Exercise details: Find the line containing "Detail der schwarzen" in the records below. Copy exactly that line and each one after it, ending at the line containing "Women's GAP Lightweight", and nothing more.

(Listed entries Opens)

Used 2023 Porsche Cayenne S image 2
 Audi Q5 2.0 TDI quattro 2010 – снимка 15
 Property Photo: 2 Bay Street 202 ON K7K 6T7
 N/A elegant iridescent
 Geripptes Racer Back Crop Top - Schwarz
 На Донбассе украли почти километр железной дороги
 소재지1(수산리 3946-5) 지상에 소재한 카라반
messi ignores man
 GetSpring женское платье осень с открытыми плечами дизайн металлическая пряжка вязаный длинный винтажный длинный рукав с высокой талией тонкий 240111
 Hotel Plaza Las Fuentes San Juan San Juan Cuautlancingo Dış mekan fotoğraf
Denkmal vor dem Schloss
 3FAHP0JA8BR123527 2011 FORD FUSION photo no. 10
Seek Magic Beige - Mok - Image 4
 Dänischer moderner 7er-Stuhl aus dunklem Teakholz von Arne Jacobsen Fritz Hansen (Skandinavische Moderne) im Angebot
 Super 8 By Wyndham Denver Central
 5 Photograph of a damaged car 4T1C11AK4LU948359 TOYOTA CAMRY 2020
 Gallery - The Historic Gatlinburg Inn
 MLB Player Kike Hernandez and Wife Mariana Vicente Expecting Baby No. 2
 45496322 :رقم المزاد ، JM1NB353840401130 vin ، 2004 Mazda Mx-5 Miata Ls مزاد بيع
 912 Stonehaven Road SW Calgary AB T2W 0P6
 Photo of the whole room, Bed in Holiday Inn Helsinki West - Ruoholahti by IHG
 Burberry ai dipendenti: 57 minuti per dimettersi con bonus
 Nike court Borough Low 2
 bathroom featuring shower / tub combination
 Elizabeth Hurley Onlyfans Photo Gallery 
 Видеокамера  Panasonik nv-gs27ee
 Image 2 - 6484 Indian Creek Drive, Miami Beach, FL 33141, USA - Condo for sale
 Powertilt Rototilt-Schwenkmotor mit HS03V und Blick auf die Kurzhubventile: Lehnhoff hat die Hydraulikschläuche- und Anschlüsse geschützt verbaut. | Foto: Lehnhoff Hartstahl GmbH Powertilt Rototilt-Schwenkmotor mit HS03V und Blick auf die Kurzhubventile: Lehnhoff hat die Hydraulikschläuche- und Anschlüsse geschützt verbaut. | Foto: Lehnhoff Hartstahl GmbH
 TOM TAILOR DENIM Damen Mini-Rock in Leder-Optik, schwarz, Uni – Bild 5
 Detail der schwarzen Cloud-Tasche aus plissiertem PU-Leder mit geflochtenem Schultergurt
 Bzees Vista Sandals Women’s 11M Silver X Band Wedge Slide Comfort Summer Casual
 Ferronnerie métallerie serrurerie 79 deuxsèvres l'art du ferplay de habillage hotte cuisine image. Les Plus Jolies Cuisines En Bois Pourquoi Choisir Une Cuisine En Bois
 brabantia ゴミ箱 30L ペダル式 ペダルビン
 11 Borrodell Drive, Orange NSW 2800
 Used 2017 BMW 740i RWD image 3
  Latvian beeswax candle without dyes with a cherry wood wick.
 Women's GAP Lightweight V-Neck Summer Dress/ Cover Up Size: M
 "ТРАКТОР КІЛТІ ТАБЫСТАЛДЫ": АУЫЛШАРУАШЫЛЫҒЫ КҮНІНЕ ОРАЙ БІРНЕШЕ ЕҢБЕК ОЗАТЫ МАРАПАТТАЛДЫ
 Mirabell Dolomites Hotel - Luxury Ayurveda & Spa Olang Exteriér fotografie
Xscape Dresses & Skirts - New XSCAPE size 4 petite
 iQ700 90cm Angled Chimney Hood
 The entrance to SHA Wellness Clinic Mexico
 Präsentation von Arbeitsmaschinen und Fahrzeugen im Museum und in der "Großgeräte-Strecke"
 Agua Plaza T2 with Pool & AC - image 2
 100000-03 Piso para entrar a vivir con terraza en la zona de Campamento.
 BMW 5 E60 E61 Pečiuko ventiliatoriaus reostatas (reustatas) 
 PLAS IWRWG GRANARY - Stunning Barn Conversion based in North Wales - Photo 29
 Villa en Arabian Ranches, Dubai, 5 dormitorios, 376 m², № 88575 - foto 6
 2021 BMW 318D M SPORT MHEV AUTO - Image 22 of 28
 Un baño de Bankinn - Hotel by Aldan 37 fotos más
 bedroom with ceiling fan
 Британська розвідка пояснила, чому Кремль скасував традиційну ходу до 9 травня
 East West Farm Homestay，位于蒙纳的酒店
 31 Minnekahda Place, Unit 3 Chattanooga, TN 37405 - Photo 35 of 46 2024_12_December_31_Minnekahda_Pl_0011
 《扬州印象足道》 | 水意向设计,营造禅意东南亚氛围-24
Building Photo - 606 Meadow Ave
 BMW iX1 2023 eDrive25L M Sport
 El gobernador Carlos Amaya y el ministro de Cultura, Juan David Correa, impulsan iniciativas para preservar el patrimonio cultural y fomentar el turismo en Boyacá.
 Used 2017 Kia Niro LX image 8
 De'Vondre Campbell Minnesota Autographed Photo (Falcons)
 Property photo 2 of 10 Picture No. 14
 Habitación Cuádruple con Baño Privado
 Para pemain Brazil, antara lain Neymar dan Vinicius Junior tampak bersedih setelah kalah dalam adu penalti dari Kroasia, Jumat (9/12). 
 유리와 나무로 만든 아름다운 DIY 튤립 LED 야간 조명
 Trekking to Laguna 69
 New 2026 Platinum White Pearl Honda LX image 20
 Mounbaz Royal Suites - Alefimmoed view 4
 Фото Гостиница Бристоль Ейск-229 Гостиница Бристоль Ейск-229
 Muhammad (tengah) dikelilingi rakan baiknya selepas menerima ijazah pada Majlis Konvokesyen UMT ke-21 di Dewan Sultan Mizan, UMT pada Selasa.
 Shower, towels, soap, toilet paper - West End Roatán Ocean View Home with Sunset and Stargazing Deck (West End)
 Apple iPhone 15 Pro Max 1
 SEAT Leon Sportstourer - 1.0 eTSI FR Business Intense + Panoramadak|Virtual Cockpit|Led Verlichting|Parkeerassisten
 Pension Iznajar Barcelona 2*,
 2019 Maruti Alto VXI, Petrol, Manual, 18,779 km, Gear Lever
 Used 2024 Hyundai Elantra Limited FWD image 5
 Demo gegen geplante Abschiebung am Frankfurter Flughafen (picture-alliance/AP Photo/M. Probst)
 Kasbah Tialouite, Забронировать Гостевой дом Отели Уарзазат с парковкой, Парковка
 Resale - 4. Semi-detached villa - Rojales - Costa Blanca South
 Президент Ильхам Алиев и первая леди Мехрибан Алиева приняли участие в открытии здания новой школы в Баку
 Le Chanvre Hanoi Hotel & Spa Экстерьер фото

(Listed entries Closes)

Result below:
 Detail der schwarzen Cloud-Tasche aus plissiertem PU-Leder mit geflochtenem Schultergurt
 Bzees Vista Sandals Women’s 11M Silver X Band Wedge Slide Comfort Summer Casual
 Ferronnerie métallerie serrurerie 79 deuxsèvres l'art du ferplay de habillage hotte cuisine image. Les Plus Jolies Cuisines En Bois Pourquoi Choisir Une Cuisine En Bois
 brabantia ゴミ箱 30L ペダル式 ペダルビン
 11 Borrodell Drive, Orange NSW 2800
 Used 2017 BMW 740i RWD image 3
  Latvian beeswax candle without dyes with a cherry wood wick.
 Women's GAP Lightweight V-Neck Summer Dress/ Cover Up Size: M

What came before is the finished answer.